TASK DIRECTIONS: The expected answer is a verbatim transcription of the lines below, beginning with the first and ending with the line that holds "[上田ながの、左藤空気] 诗乃ちゃんねる (オリジナル)", without pictures.

⟨

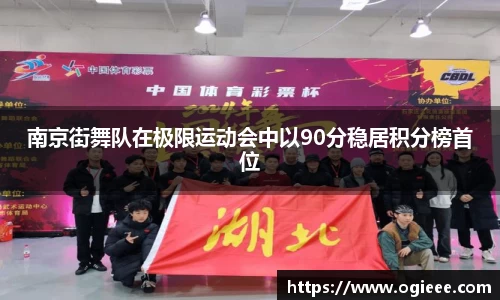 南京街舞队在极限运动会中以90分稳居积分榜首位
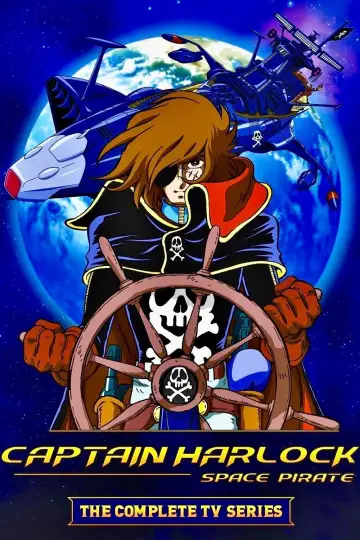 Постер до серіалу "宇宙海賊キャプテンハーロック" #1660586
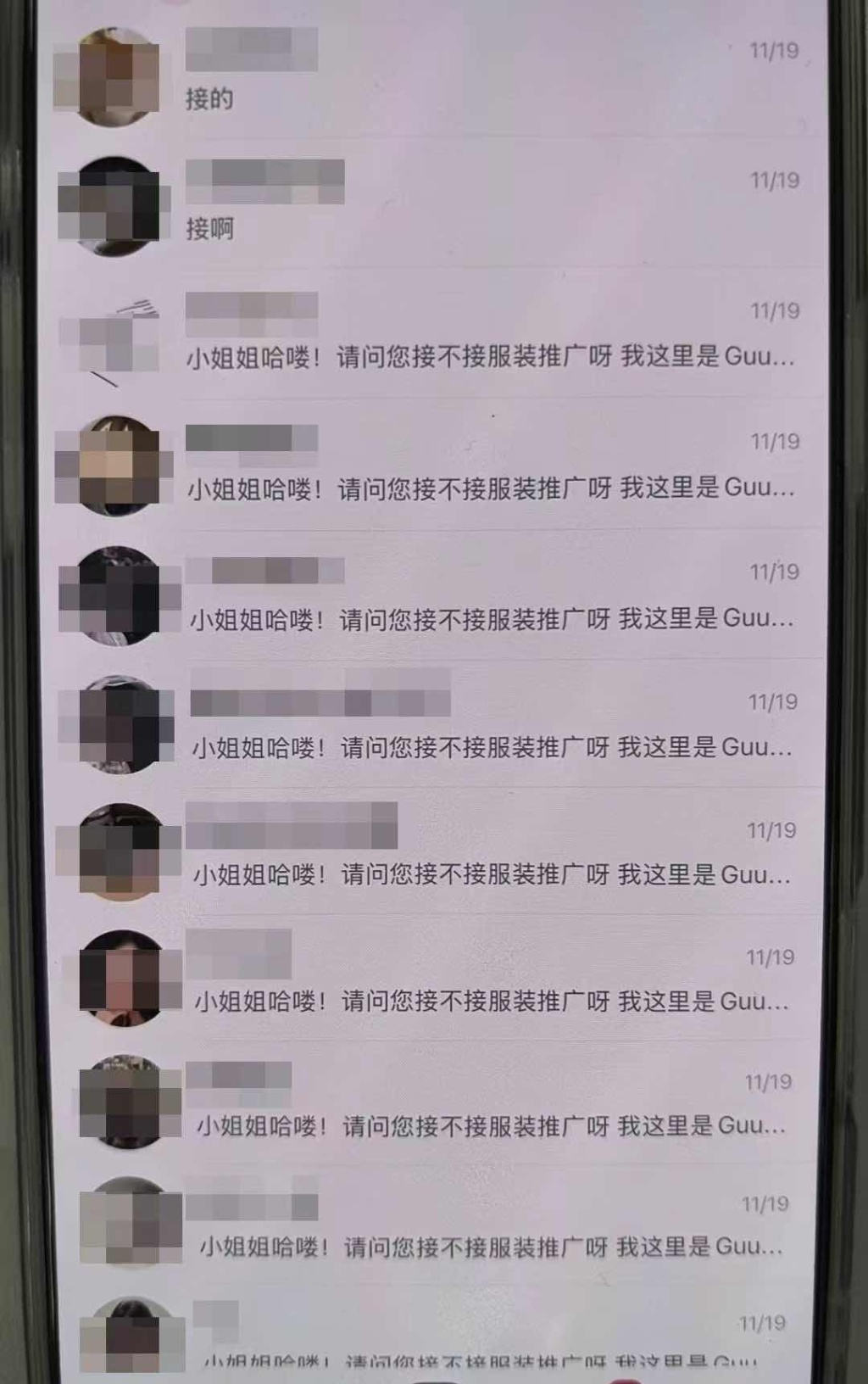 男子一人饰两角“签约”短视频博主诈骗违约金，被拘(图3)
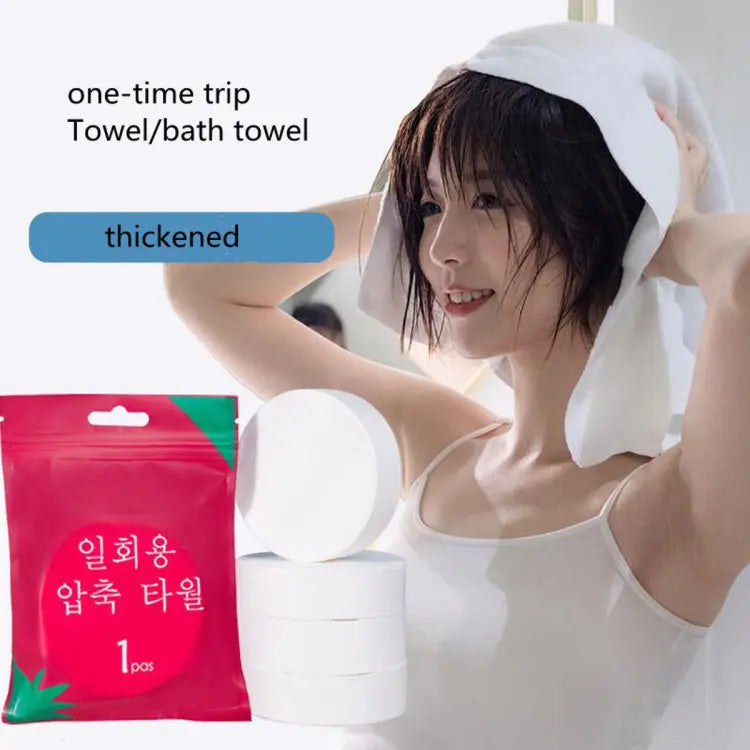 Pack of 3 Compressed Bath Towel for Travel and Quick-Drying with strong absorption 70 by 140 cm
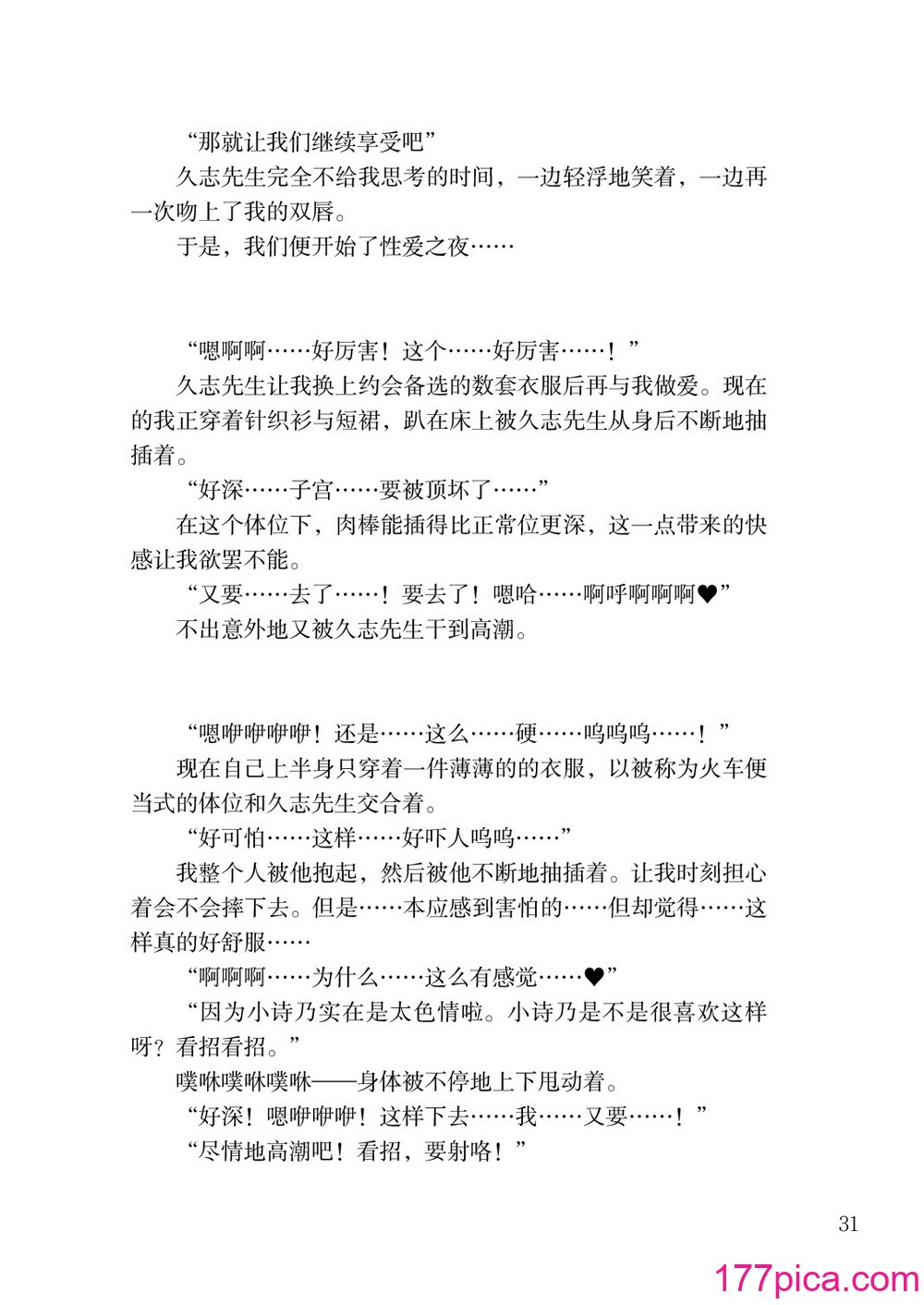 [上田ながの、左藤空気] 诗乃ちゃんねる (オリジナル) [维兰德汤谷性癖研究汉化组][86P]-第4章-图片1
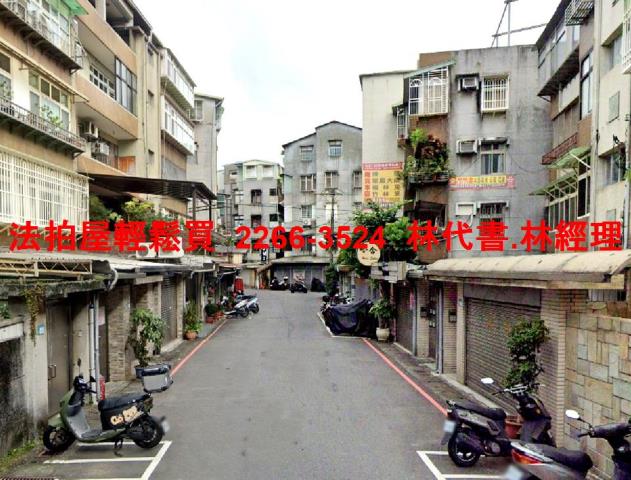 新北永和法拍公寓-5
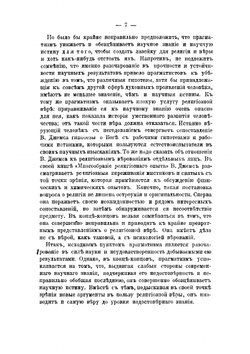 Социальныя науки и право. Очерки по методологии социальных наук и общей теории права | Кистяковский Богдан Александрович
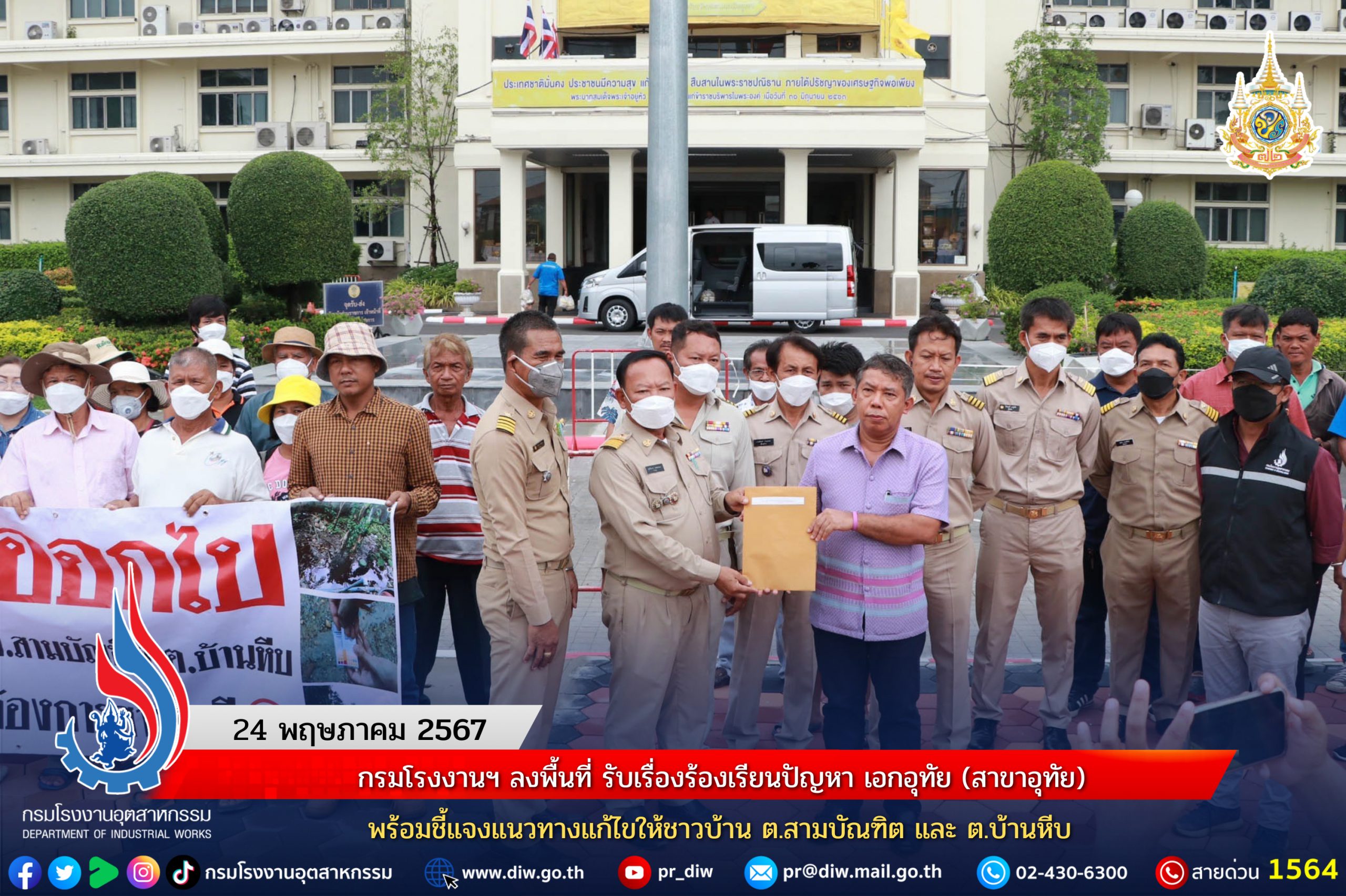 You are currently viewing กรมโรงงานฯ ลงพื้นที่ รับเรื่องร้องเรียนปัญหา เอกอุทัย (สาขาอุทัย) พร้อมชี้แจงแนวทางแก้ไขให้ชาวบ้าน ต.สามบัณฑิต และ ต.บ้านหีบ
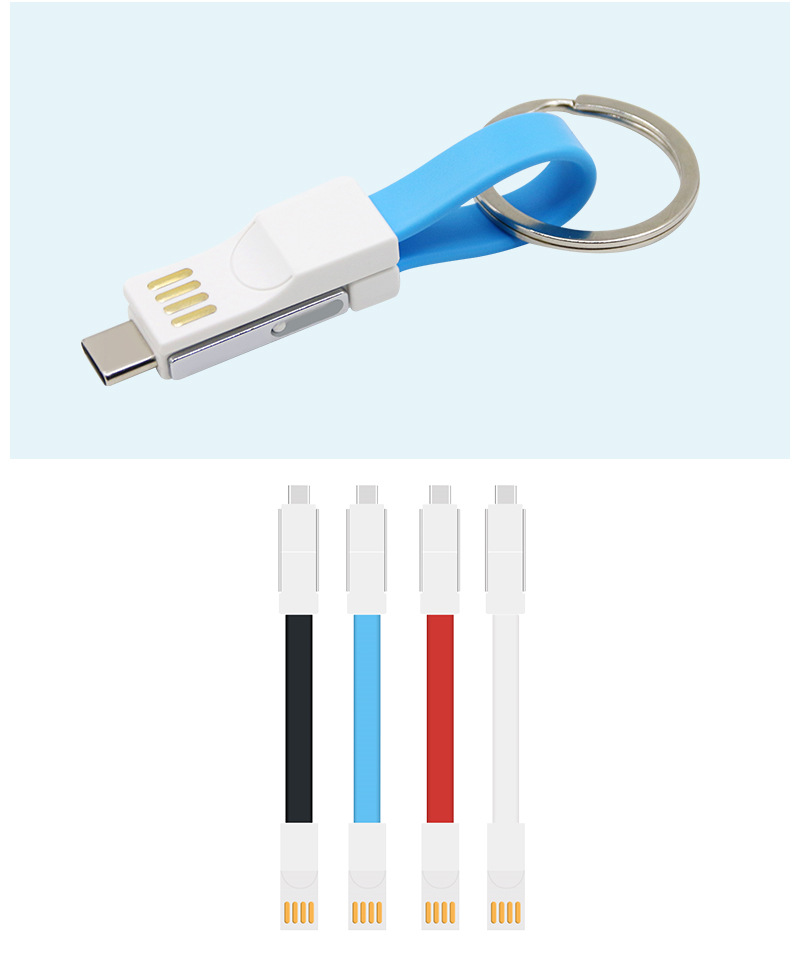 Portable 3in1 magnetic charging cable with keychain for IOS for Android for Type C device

⟩

ANSWER BOX:
 南京街舞队在极限运动会中以90分稳居积分榜首位
 Постер до серіалу "宇宙海賊キャプテンハーロック" #1660586
 男子一人饰两角“签约”短视频博主诈骗违约金，被拘(图3)
 Pack of 3 Compressed Bath Towel for Travel and Quick-Drying with strong absorption 70 by 140 cm
 [上田ながの、左藤空気] 诗乃ちゃんねる (オリジナル) [维兰德汤谷性癖研究汉化组][86P]-第4章-图片1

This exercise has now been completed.